I hate Single Points of Failure (SPOF). To me it’s rolling the dice over the over hoping that it works and eventually something breaks. You code may work fine but the server behind it fails. With modern cloud computing we are largely isolated from hardware failures but there is still (however remote) possibility of OS crash. Or you could have that particular server down for maintenance.

In the current system I am working on I setup separate EC2 instances in AWS us-west-2 region in 3 separate Availability Zones. I am using MongoDB so 3 DB servers are spreads across 3 AZs as well. I have Elastic Load Ballancer distributing traffic across EC2 instances and MongoDB will automatically fail over if needed (I tested and it worked great). I implemented offsite data backup with MongoDB Cloud Manger that allows point in time recovery. The background tasks are ran via DelayedJob with one worker per server which creates redundancy and allows to paralelize certain jobs.

But I do have a small single point of failure in the system. The crontab that kicks off Delayed Jobs runs on only 1 server via simple “rails runner job_name”. And it’s bugging the heck out of me. I know that chances of failure are small and I can kick off those jobs manually from a different server if needed. But it’s still a SPOF.

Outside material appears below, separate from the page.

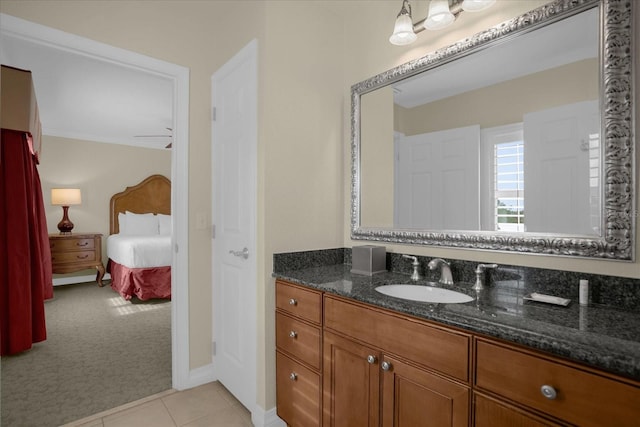 bathroom with vanity, ceiling fan, and tile patterned floors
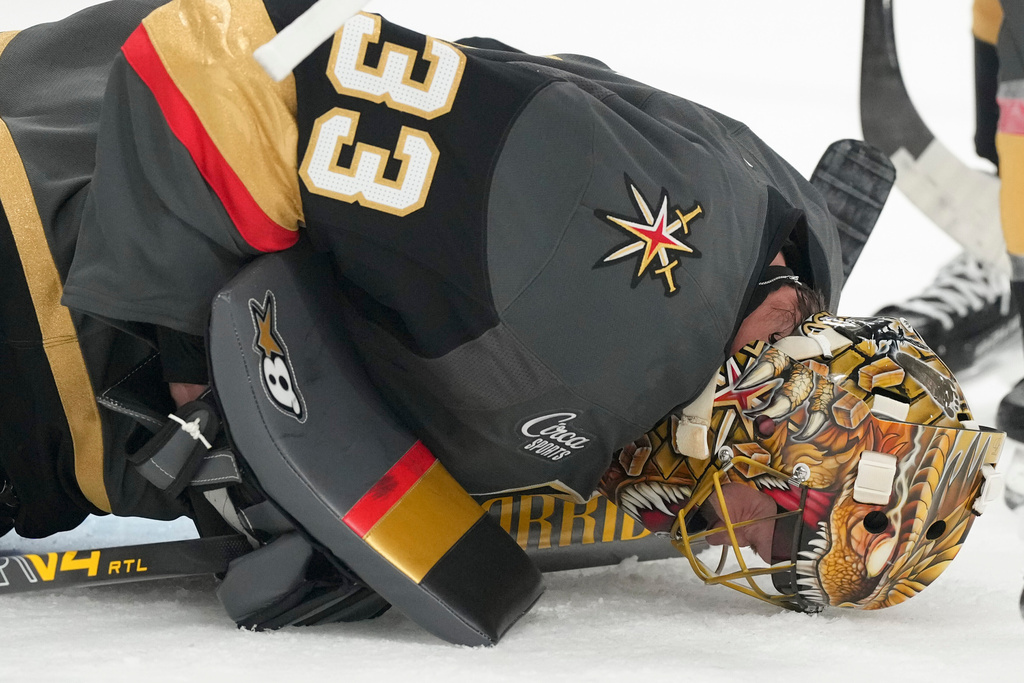 Vegas Golden Knights goaltender Adin Hill lies on the ice after a play against the Carolina Hurricanes during the first period of an NHL hockey game Monday, Oct. 20, 2025, in Las Vegas. (AP Photo/Candice Ward)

What I really want is to store the cron in a shared database. Then a process running on each server can check what should be executed. I researched and came across a gem that does just that DelayedCronJob. It adds another column to your Delayed Jobs table where you store crontab expression. It does not delete the job after running it but instead updates run_at time according to crontab expression. I plan to try it in the near future.

Update:

I implemented this gem and it worked great. One nice thing is you can change cron frequency via the UI, just build valid expression via crontab.guru. As precaution you can put a crontab regex valdation in your DelayedJobs model on the cron field. And you can see how many times this job has been ran. One feature I wish for is ability to pause a particular job. A workaround is to edit run_at field to some point in the distant future.

But shortly after implemetning DelayedCronJob I decided to switch to Sidekiq. Using ActiveJob made it fairly straightforward. And I did not want to go back this SPOF. Paid Sidekiq version has cron functionality built in but there is also a free sidekiq-cron gem. To setup cron schedule I implemented this in my sidekiq initializer

schedule_array =
[
  {'name' => 'MySpecialJobName',
    'class' => 'MySpecialJob',
    'cron'  => '1 * * * *',
    'queue' => 'MySpecialQueue', # I like running my jobs through dedicated queues in case I need to flush specific queue
    'active_job' => true },
...
]
Sidekiq::Cron::Job.load_from_array! schedule_array
...

Sidekiq-cron web UI allows to temporarily disable the job and also to run it on demand. Unfortunately even with sidekiq-statistic it does not tell you how many times specific job has been ran. Sidekiq API and middleware are fairly robust so maybe I can build something custom (or even a gem of my own).